**To do**
Please retype all of the entries that follow, leaving the images out.

[Brief descriptive captions]
┌──

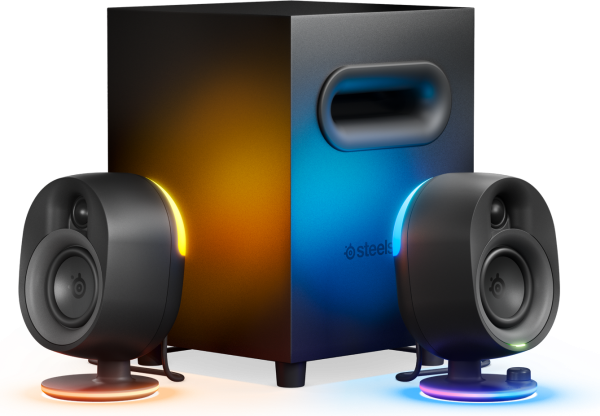 SteelSeries Arena 7 Hoparlör
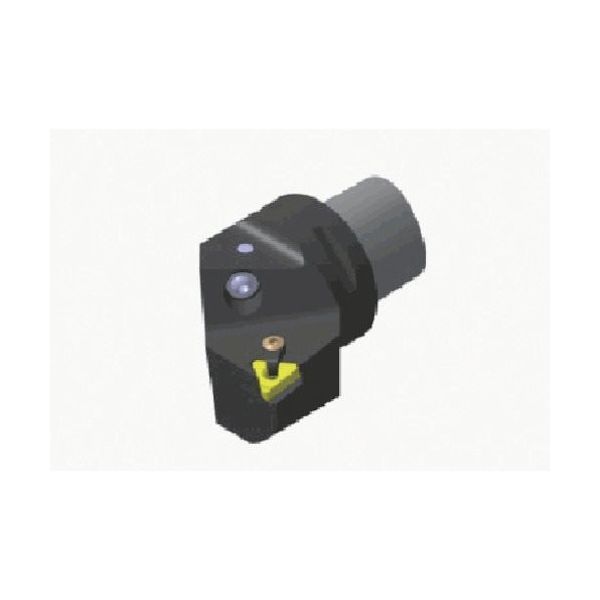 タンガロイ タング・スレッド 外径ねじ切り加工用バイト CーCER/L C5CER35060-16ERN 1個 825-5432（直送品）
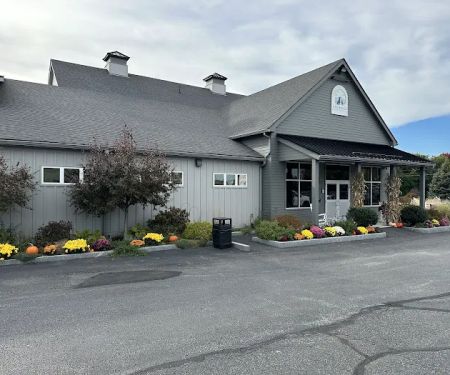 Uxbridge Animal Hospital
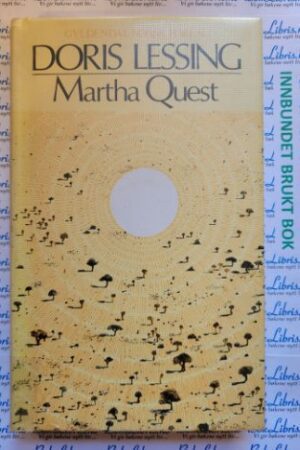 bokforside Martha-Quest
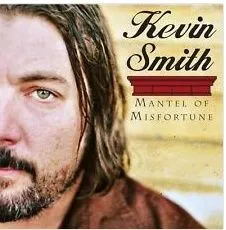 Smith Kevin (史密斯·凯文) album cover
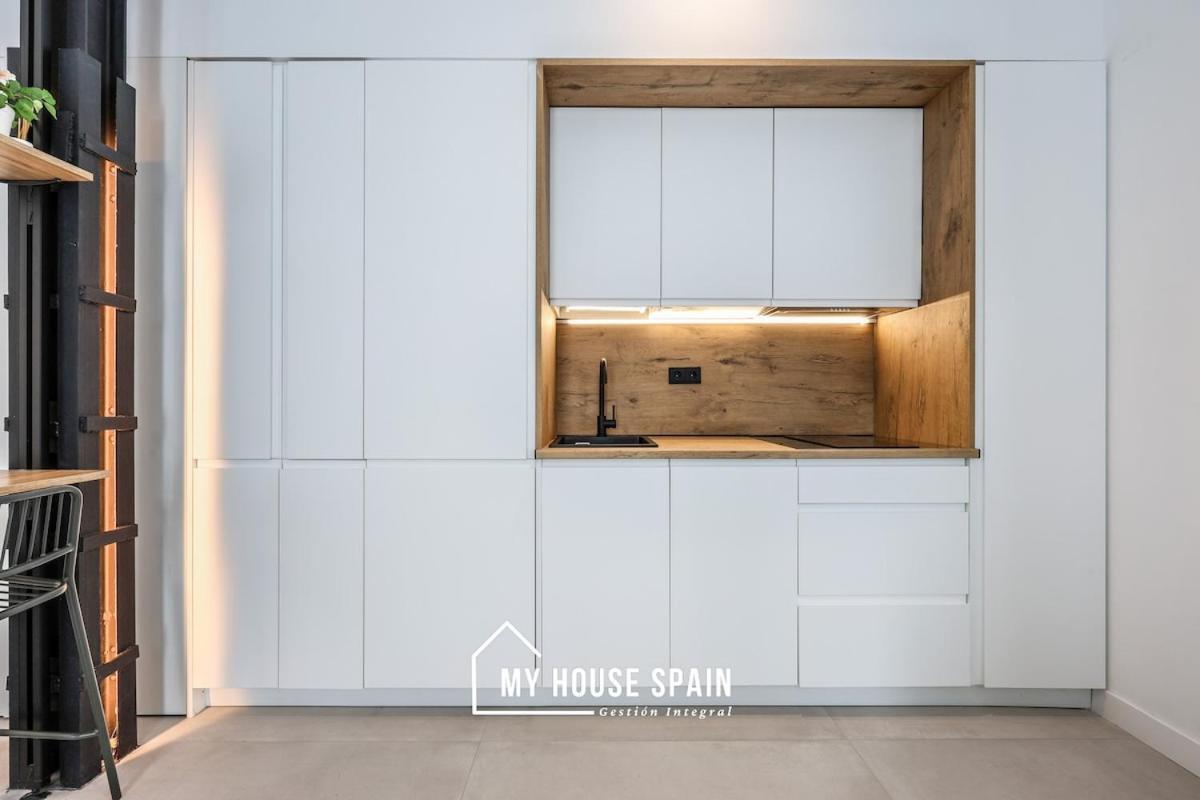 Myhousespain - Santero A Apartment *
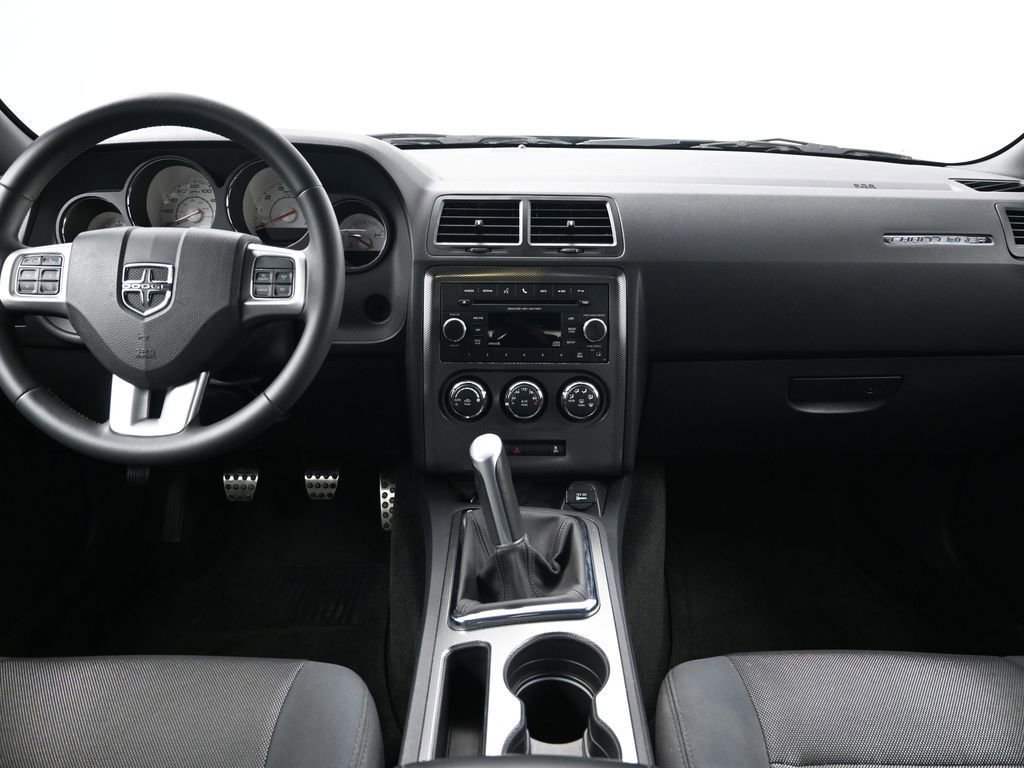 Used 2014 Dodge Challenger R/T w/ R/T Redline Group image 7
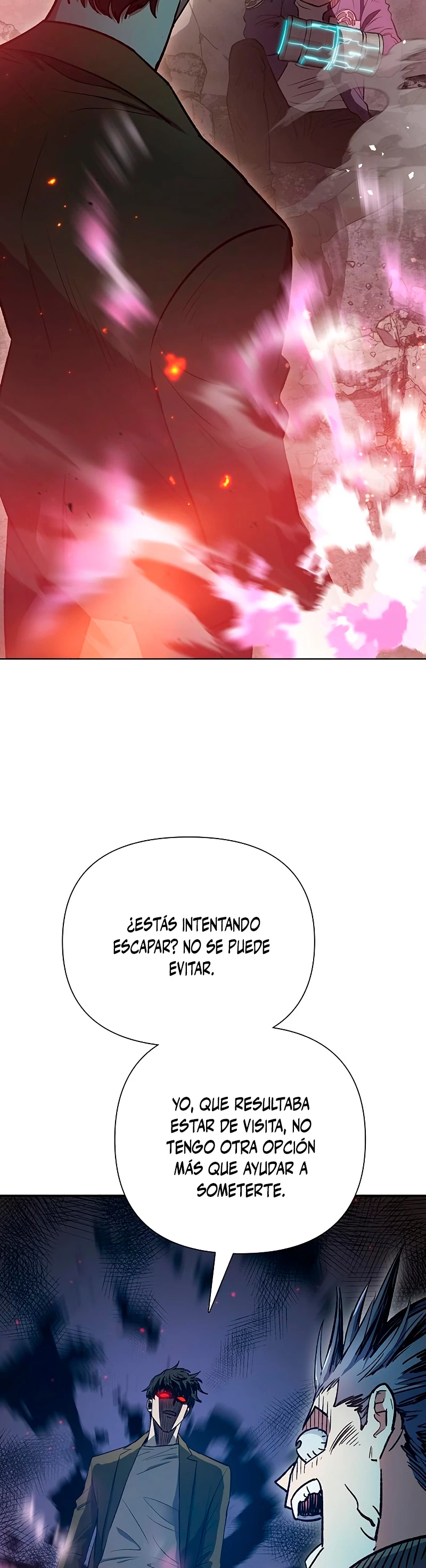 entrenador de clases  > Capitulo 97 > Page 61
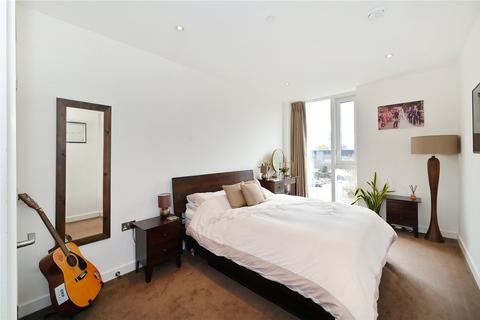 2 bedroom apartment for sale - 47 Pilot Walk, Greenwich, London, SE10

└──

**Result**
 SteelSeries Arena 7 Hoparlör
 タンガロイ タング・スレッド 外径ねじ切り加工用バイト CーCER/L C5CER35060-16ERN 1個 825-5432（直送品）
 Uxbridge Animal Hospital
 bokforside Martha-Quest
 Smith Kevin (史密斯·凯文) album cover
 Myhousespain - Santero A Apartment *
 Used 2014 Dodge Challenger R/T w/ R/T Redline Group image 7
 entrenador de clases  > Capitulo 97 > Page 61
 2 bedroom apartment for sale - 47 Pilot Walk, Greenwich, London, SE10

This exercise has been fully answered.